··· Listed records ···
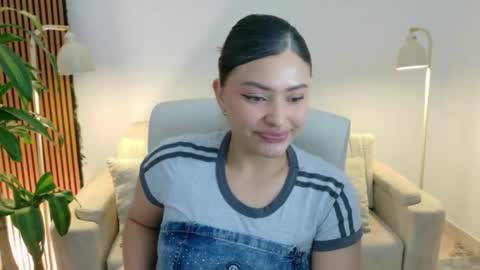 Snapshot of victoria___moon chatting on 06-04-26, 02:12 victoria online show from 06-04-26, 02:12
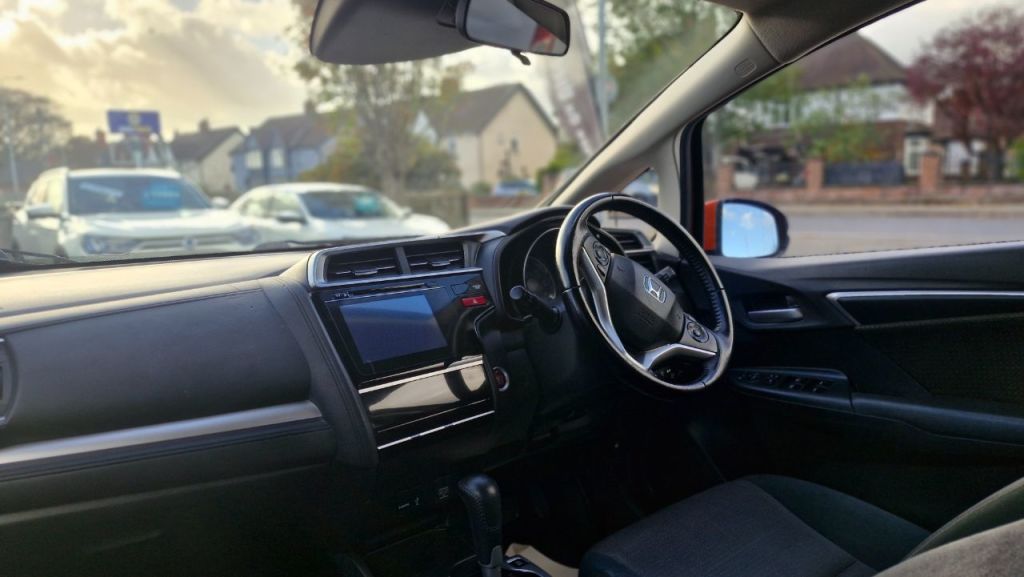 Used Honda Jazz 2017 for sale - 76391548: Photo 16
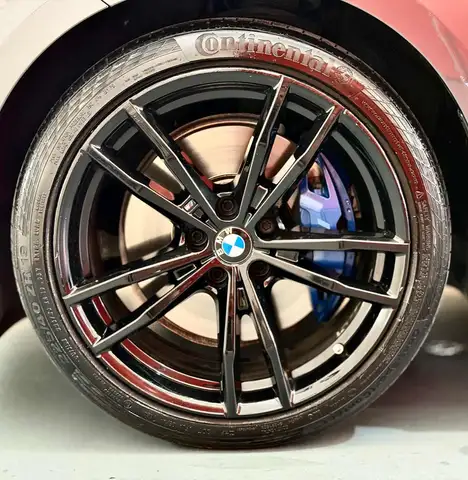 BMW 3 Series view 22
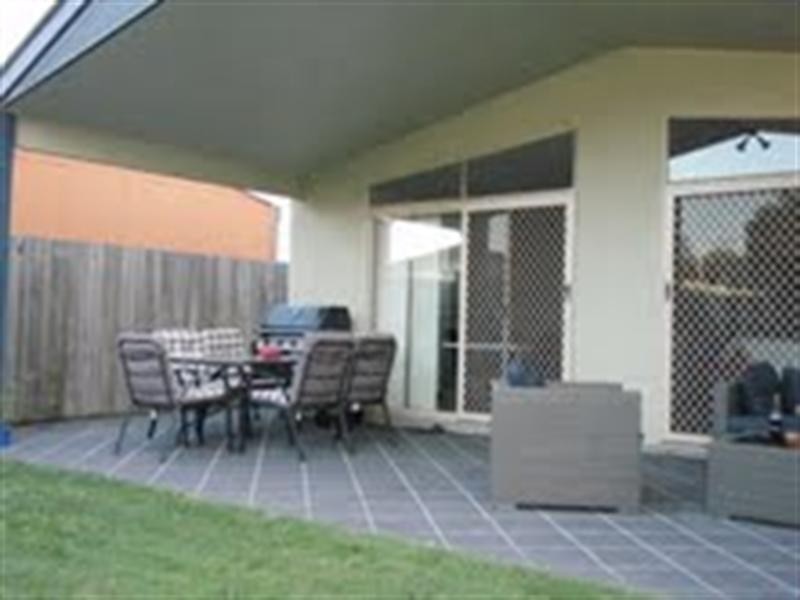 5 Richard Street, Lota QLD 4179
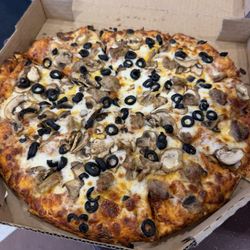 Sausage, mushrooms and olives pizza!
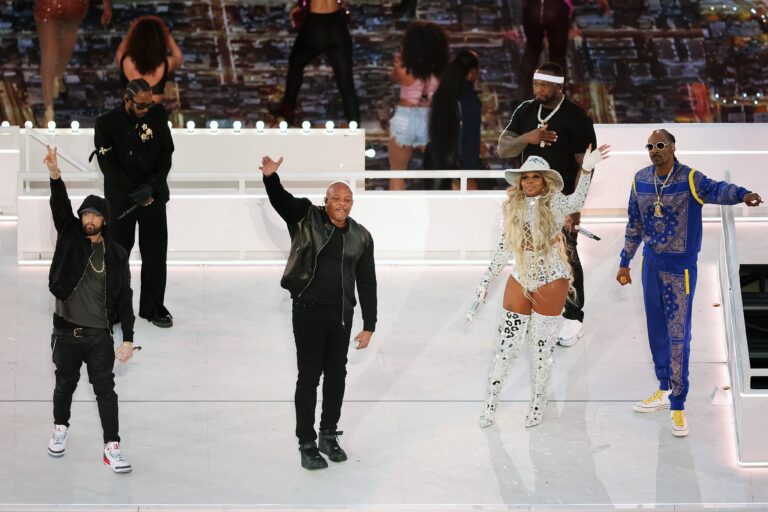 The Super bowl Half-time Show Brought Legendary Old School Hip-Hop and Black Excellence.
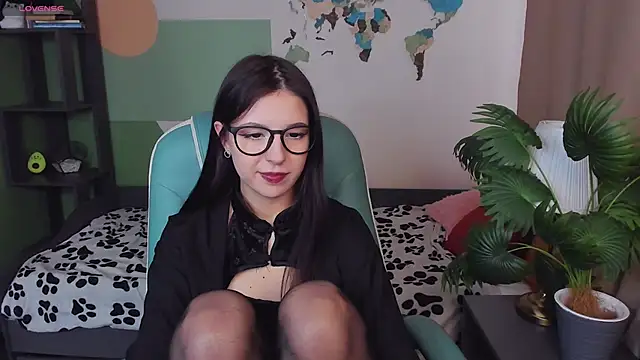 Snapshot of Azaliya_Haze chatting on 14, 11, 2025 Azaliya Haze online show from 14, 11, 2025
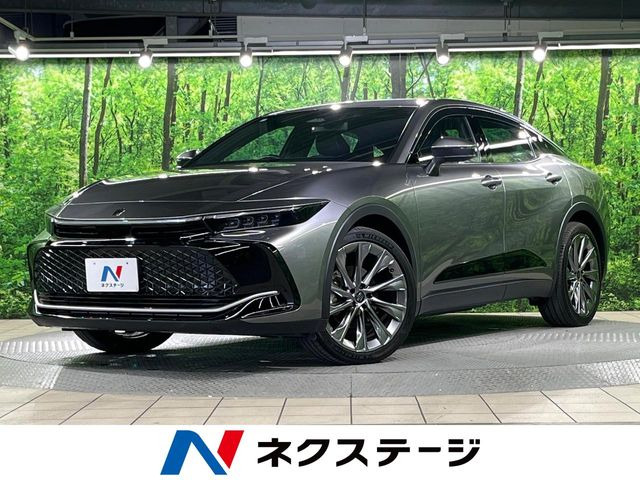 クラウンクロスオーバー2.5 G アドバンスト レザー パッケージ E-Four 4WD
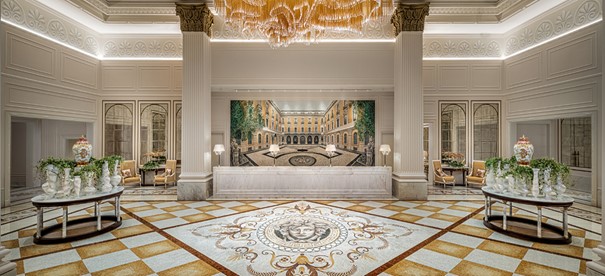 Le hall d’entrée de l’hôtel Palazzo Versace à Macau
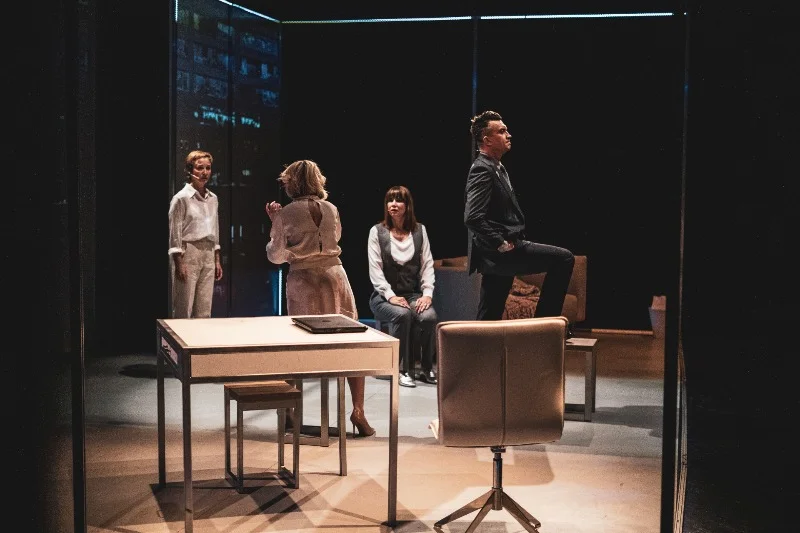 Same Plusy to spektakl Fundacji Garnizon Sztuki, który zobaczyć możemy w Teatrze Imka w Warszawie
···
Description of the task:
Leave the pictures aside and give every entry above again word for word.

Answer to this problem:
 Snapshot of victoria___moon chatting on 06-04-26, 02:12 victoria online show from 06-04-26, 02:12
 Used Honda Jazz 2017 for sale - 76391548: Photo 16
 BMW 3 Series view 22
 5 Richard Street, Lota QLD 4179
 Sausage, mushrooms and olives pizza!
 The Super bowl Half-time Show Brought Legendary Old School Hip-Hop and Black Excellence.
 Snapshot of Azaliya_Haze chatting on 14, 11, 2025 Azaliya Haze online show from 14, 11, 2025
 クラウンクロスオーバー2.5 G アドバンスト レザー パッケージ E-Four 4WD
 Le hall d’entrée de l’hôtel Palazzo Versace à Macau
 Same Plusy to spektakl Fundacji Garnizon Sztuki, który zobaczyć możemy w Teatrze Imka w Warszawie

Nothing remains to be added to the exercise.